■ AIM OF THE TASK ■
Give the listing again character for character, but drop the images.

Segment Start: DATASET EXCERPT

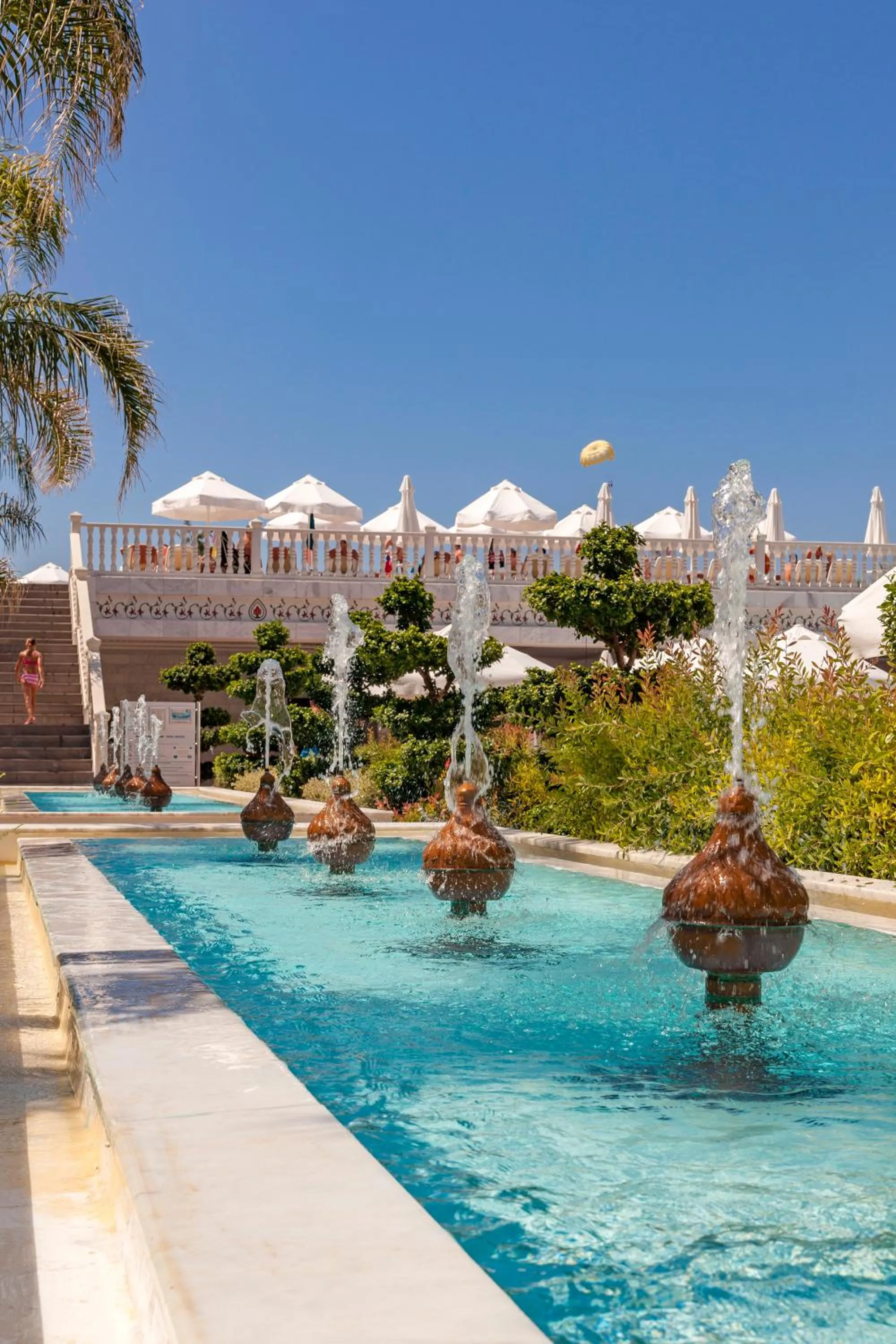 Area and facilities in Royal Taj Mahal Hotel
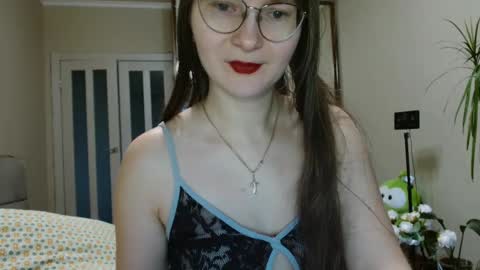 KiraGoldens online show from November 29, 6:16 am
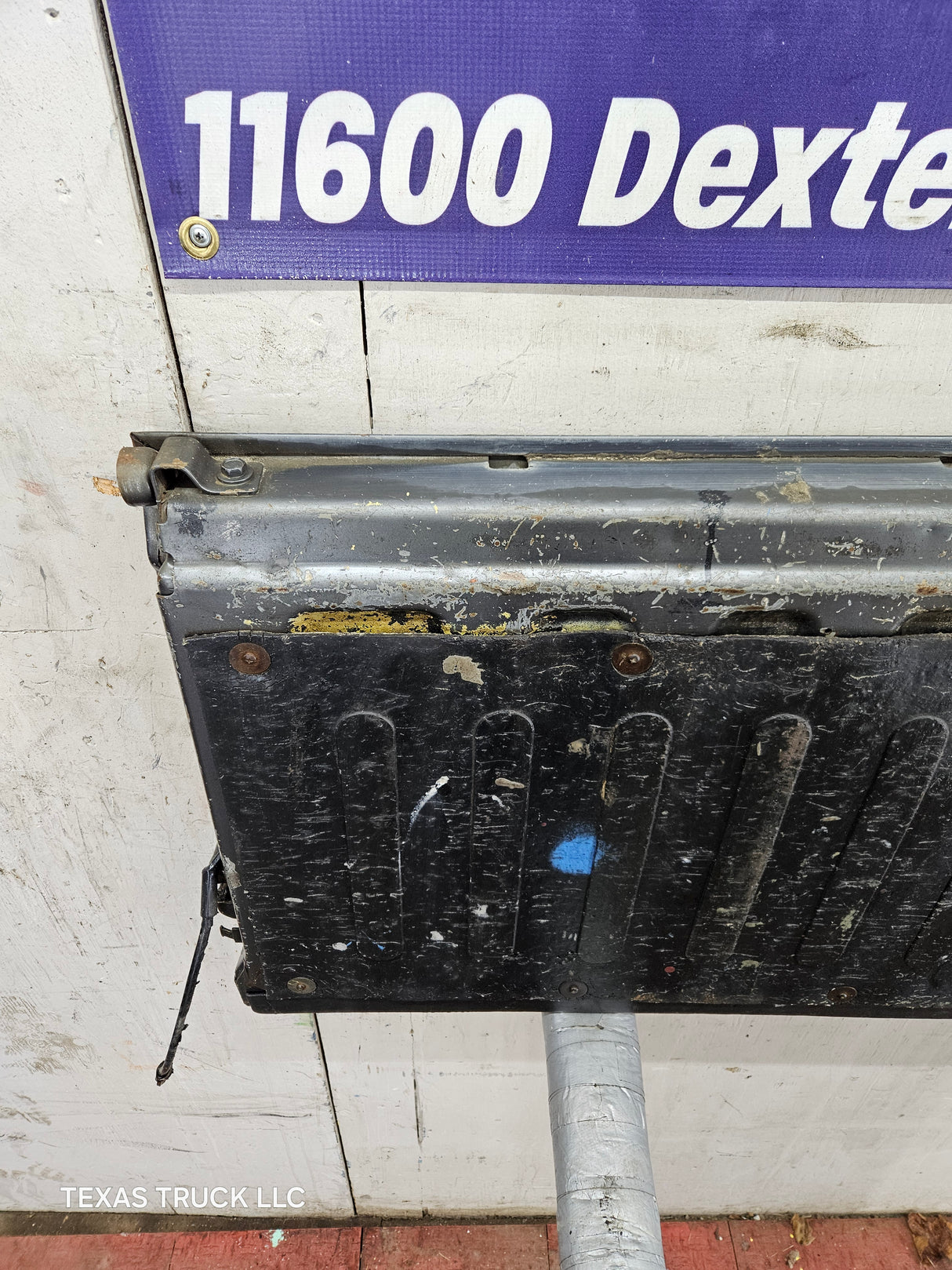 1999-2007 Chevrolet Silverado / GMC Sierra 1500 2500 3500 HD Tailgate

Segment End: DATASET EXCERPT

■ ANSWER SPACE ■
 Area and facilities in Royal Taj Mahal Hotel
 KiraGoldens online show from November 29, 6:16 am
 1999-2007 Chevrolet Silverado / GMC Sierra 1500 2500 3500 HD Tailgate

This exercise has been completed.